Regression Metrics
title: Regression Metrics keywords: [Regression Metrics, Mean Absolute Error, Mean Square Error, Root Mean Squared Error, R-Squared (Coefficient of Determination)] description: Learn several metrics to evaluate the performance of regression models author: Juma Shafara date: "2024-03"

In regression tasks, the goal is to predict continuous numerical values. Scikit-learn provides several metrics to evaluate the performance of regression models. In this notebook, we will look at the following
- Mean Absolute Error
- Mean Square Error
- Root Mean Squared Error
- R-Squared (Coefficient of Determination)
Mean Absolute Error (MAE):
- MAE measures the average absolute errors between predicted values and actual values.
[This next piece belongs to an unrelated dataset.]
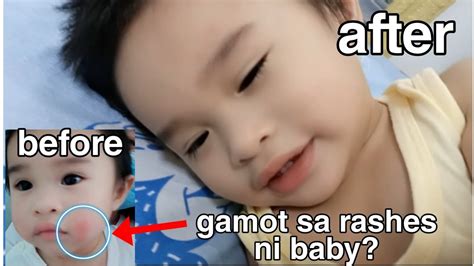 Gamot Sa Pula Pulang Mukha Ni Baby Gamot Sa Rashes Recommended By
- Imagine you're trying to hit a target with darts. The MAE is like calculating the average distance between where your darts hit and the bullseye. You just sum up how far each dart landed from the center (without caring if it was too short or too far) and then find the average. The smaller the MAE, the closer your predictions are to the actual values.
- Formula: \(\(\text{MAE} = \frac{1}{n} \sum_{i=1}^{n} |y_{\text{true}} - y_{\text{pred}}|\)\)
Mean Squared Error (MSE):
- MSE measures the average of the squares of the errors between predicted values and actual values.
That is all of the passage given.